(Recorded information):
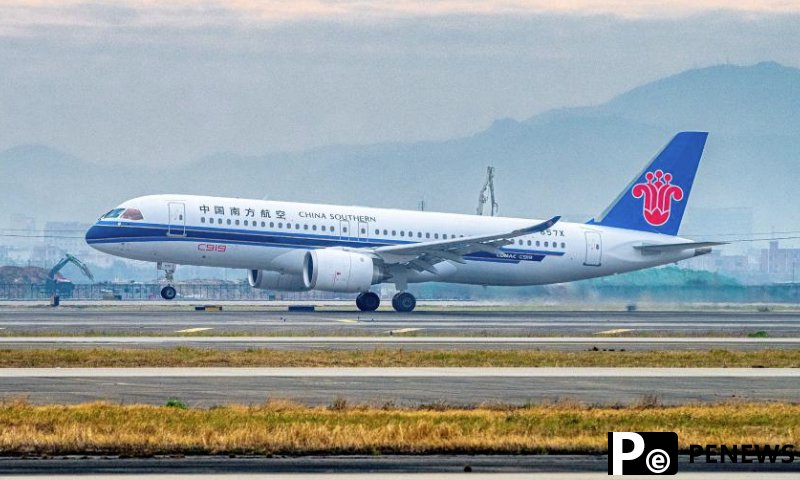 A C919 passenger jet operated by the China Southern Airlines takes off from Guangzhou Baiyun International Airport in south China's Guangdong Province, Jan. 14, 2025.The China Southern Airlines held a themed activity aboard the C919 aircraft on Tuesday to mark the deployment of the passenger jets for this year's Spring Festival travel rush (also known as chunyun).All three C919 jets operated by China Southern were deployed on Tuesday, the first day of this year's chunyun, to carry out 10 flights on four routes linking Guangzhou with the cities of Hangzhou, Shanghai, Haikou and Chengdu.This year's chunyun sees an increased appearance of the home-grown C919 aircraft, a symbol of China's technological and industrial advancement. (Xinhua/Wang Ruiping)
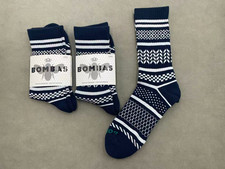 3 pairs BOMBAS Men's White stripes Calf socks Size Large 9-13 blue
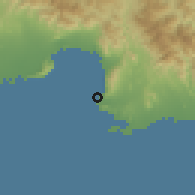 Shaded relief of the 59 km around Palmar de Ocoa, drawn from the GMTED2010 grid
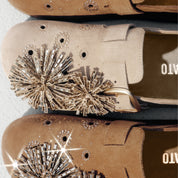 Brown Crystal Fireworks Strap Shoes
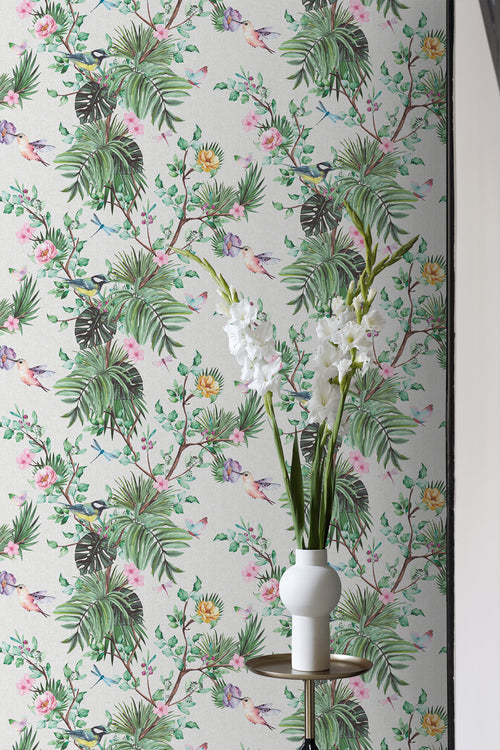 Sanders & Sanders behang tropische jungle bladeren en paradijsvogels groen - 53 cm x 10 m - 640001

(Exercise brief): Pictures aren't part of the copy; return each record above exactly.

(Response to this task):
 A C919 passenger jet operated by the China Southern Airlines takes off from Guangzhou Baiyun International Airport in south China's Guangdong Province, Jan. 14, 2025.The China Southern Airlines held a themed activity aboard the C919 aircraft on Tuesday to mark the deployment of the passenger jets for this year's Spring Festival travel rush (also known as chunyun).All three C919 jets operated by China Southern were deployed on Tuesday, the first day of this year's chunyun, to carry out 10 flights on four routes linking Guangzhou with the cities of Hangzhou, Shanghai, Haikou and Chengdu.This year's chunyun sees an increased appearance of the home-grown C919 aircraft, a symbol of China's technological and industrial advancement. (Xinhua/Wang Ruiping)
 3 pairs BOMBAS Men's White stripes Calf socks Size Large 9-13 blue
 Shaded relief of the 59 km around Palmar de Ocoa, drawn from the GMTED2010 grid
 Brown Crystal Fireworks Strap Shoes
 Sanders & Sanders behang tropische jungle bladeren en paradijsvogels groen - 53 cm x 10 m - 640001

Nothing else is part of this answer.